ーー本書では様々なジャンルの自己啓発書メディアを取り上げています。たとえば、男性向けでは「20代までに〇〇をしよう」などの「年齢」「年代」を扱った書籍群。女性向けとしては、片づけ本について言及されています。最近では、今年4月にTIME誌が発表した「世界で最も影響力のある100人」にも選ばれた『人生がときめく片づけの魔法』(サンマーク出版)の著者・近藤麻理恵さんが注目されています。本書を読んで、掃除や片づけは自己啓発という観点から考えられるという点に新鮮さを感じました。

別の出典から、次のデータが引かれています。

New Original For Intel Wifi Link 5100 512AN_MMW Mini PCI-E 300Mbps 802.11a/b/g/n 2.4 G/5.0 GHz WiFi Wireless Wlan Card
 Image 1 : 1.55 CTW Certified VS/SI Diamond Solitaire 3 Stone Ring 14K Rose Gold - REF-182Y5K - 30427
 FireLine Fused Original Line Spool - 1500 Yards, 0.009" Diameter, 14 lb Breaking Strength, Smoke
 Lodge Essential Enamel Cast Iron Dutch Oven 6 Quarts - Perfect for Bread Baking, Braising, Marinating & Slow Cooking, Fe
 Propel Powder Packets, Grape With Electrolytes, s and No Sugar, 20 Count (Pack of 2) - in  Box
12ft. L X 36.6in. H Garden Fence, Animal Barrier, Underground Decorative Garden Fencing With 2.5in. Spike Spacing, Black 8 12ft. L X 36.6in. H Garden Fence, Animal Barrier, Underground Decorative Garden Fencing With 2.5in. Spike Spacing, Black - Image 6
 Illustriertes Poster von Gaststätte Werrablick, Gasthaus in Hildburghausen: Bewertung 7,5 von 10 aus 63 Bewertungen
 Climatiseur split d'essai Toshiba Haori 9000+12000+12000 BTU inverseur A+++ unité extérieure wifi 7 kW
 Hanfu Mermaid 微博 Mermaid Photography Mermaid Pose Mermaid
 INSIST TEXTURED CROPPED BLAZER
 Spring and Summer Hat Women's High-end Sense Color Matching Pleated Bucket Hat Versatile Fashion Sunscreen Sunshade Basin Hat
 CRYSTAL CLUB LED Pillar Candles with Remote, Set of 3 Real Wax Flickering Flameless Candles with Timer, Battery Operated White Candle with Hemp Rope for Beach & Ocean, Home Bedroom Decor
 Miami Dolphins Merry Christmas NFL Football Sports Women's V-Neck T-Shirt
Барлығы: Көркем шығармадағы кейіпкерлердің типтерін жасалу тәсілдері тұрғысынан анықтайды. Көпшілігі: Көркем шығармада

牧野:掃除をすると心が綺麗になるという考え方は、日本人の、主に宗教に関連した文化に根っこがあって、決して近年突然生まれたものではないと思うんです。でも、これまでそのことが本のメインテーマとして押し出されるようなことはなく、またハウトゥとして売り出されることもありませんでした。それが1990年代に「商材」として注目され、そこから派生的に女性の生き方の領域に飛び火し、今日の状況につながっていったのではないかと考えられます。
それ以前から、掃除を励行する企業は少なからずあったと思いますが、ブームの火付け役となったイエローハット創業者・鍵山秀三郎さんがトイレ掃除と企業経営に関する本を出した1990年代は、日本ではバブル経済が弾け、これからは拝金主義ではなく「経営は心」だというメッセージがさまざまな経営者や評論家から発された時期でもありました。そういった社会的背景があったからこそ、経営において掃除に注目するという動きが盛り上がったのかなと思います。
ーーそうした自己啓発書の主要読者とはどんな人達なのでしょうか?
牧野:社会学者を中心とした青少年研究会が2012年に行った調査によれば、大きな傾向として、まず「大卒」「正規雇用」の人々がより多く読んでいます。サラリーマン文化として自己啓発書はまずあるということですね。当たり前といえば当たり前ですが、そのことすら今までよく分かっていなかったと思うので、まずそれが確認できました。また、高校時に運動部への活発な参加があった方がより多く購読経験があるという分析結果が出ています。いわば、サラリーマンのなかでも「体育会系」といえるような人がより読んでいるのかなと。